Wood carving has a long history. Over time, a number of different tools have developed for different stages and types of wood carving. Choosing the right knives for your wood carving project will result in quicker, more satisfying results. Using the right knife is also a safety issue. Trying to carve with the wrong knife, or dull knives, can result in a knife slip and a cut.
Roughout carvers are good, all-around wood carving knives designed to remove a lot of wood with each stroke. They are designed for initial roughing out of shapes and forms. The blades of roughout carvers are larger than other carving knives and generally have a straight cutting edge with a good point.
A number of knives are designed to carve details once the general shape has been roughed out. Detail blades are a little smaller than roughout blades. Detail carver blades can be either straight-edged or have a curve to the blade. Different shapes and angles allow for working with different types of details.
Spoon carvers feature a sweeping curve to the blade and are intended for carving out large areas in things like spoons or bowls. Spoon carvers can be used anytime large, smooth, curved surfaces are desired.

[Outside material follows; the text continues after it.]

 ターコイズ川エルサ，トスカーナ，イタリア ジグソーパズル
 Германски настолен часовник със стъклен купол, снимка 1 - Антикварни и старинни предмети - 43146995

Bent knives are often used in conjunction with spoon carvers to create smooth, curved surfaces. Bent knives have a straight blade with a bend at the tip. The lower part of the blade can be used for straight carving, and the tip can be used to scoop out wood.
Keeping Knives Sharp
Part of safe wood carving is keeping your carving knives sharp. A number of sharpening tools can help keep a sharp edge that will be less prone to slipping and cutting your hand. Whetstones, leather sharpeners, and sharpeners that use sandpaper are good tools to keep carving knives in good condition.